Por entonces estaba candente la campaña electoral previa a los comicios presidenciales de noviembre. La contienda estaba planteada entre Richard M. Nixon (republicano) y el candidato del Partido demócrata, George McGovern. Los adherentes de este último habían alquilado el hotel y allí habían instalado las oficinas de la campaña proselitista.
A su vez Nixon estaba próximo a culminar el primer período de su desempeño presidencial y en él había logrado éxitos importantes sobre todo de política internacional, ayudado como es justo reconocerlo, por su ubicuo secretario de Estado, Henry Kissinger –el cargo equivale al de Canciller en el Ecuador– quien había mostrado sorprendentes iniciativas como la aproximación de Estados Unidos y China Roja, lo que alteraba la bipolaridad que antes distinguía a las superpotencias atómicas, con la Unión Soviética todavía muy preponderante.

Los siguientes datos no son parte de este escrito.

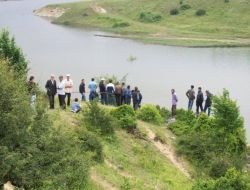 Serinlemek İçin Girdiği Gölette Boğuldu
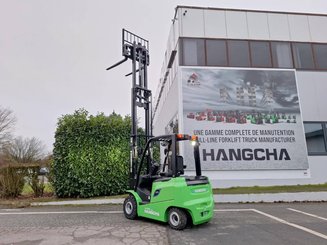 Chariot élévateur frontal 4 roues Hangcha AE25-I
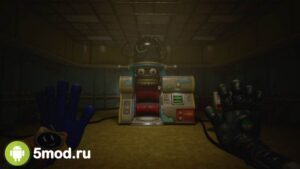 Poppy Playtime Chapter 5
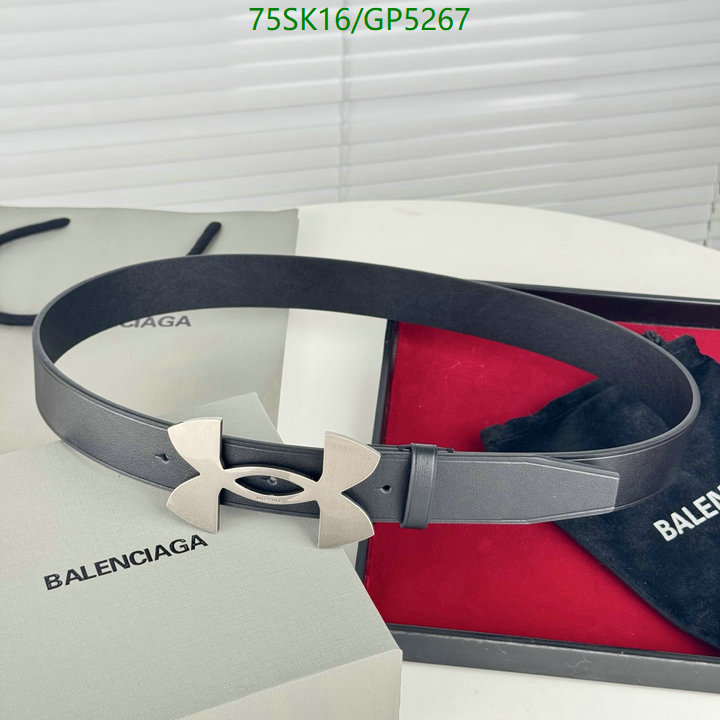 Belts-Balenciaga Code: GP5267 $: 75USD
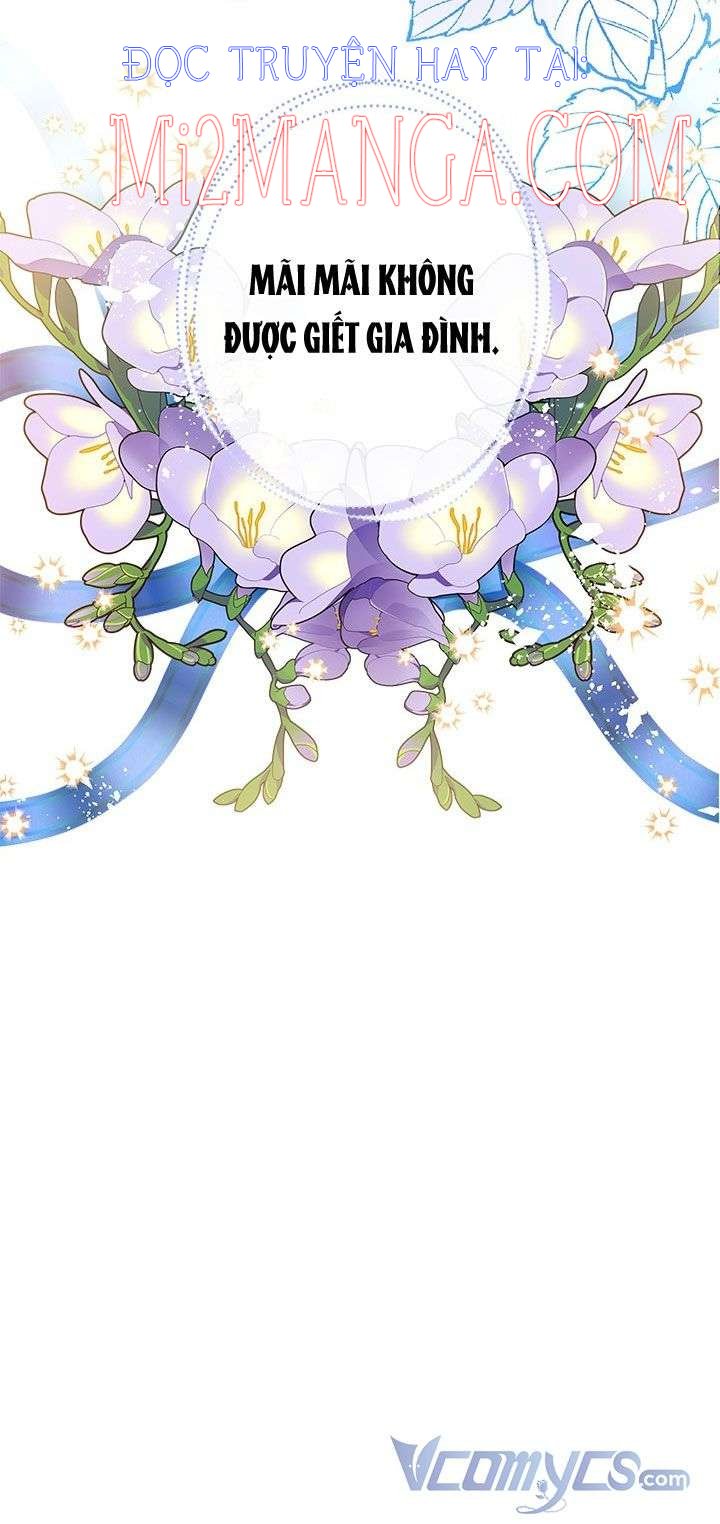 chúng ta có thể trở thành gia đình được không? chapter 38.5 33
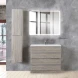 Тумба Pino Scania 89,6 см BelBagno Albano ALBANO-900-2C-PIA-PS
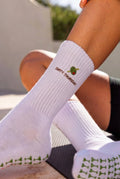 Dirty Thursday Martini Grip Socks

Pero entonces llegó el oscuro asunto del atraco a Watergate y comenzaron las investigaciones: los descubrimientos se fueron dando con la misma fatalidad que distingue a las tragedias de la literatura griega. Se puso en evidencia que no había ocurrido un simple asalto de ratería común y corriente, si no que los hilos se prolongaban mucho más, hasta el propio Salón Oval, como se le llama al despacho del primer mandatario.
Gracias a minuciosas averiguaciones de dos periodistas de The Washington Post, Carl Bernstein y Robert Woodward, se encontró que Nixon solía grabar las entrevistas con sus colaboradores y el cerco fue estrechándose cada vez más, hasta que el Congreso inició el procedimiento para destituirlo -como solo había pasado una vez con Andrew Johnson, sucesor de Lincoln en la Casa Blanca-.
Este momento -8 de agosto de 1974- Nixon decidió renunciar, siendo reemplazado por el opaco Gerald Ford, aunque por superlativa ironía había ganado la reelección con una cifra sin precedentes de votantes.
De esta suerte y con un asunto espectacular, se demostró una vez más las virtualidades de la prensa libre; dentro de ella, del periodismo de investigación honestamente conducido, así como el servicio que presta a la comunidad nacional, a la depuración de las corruptelas que tan frecuentes son en el ejercicio del poder y al mantenimiento de los principios y los valores que dan sentido a la trayectoria ejemplar e histórica de los pueblos.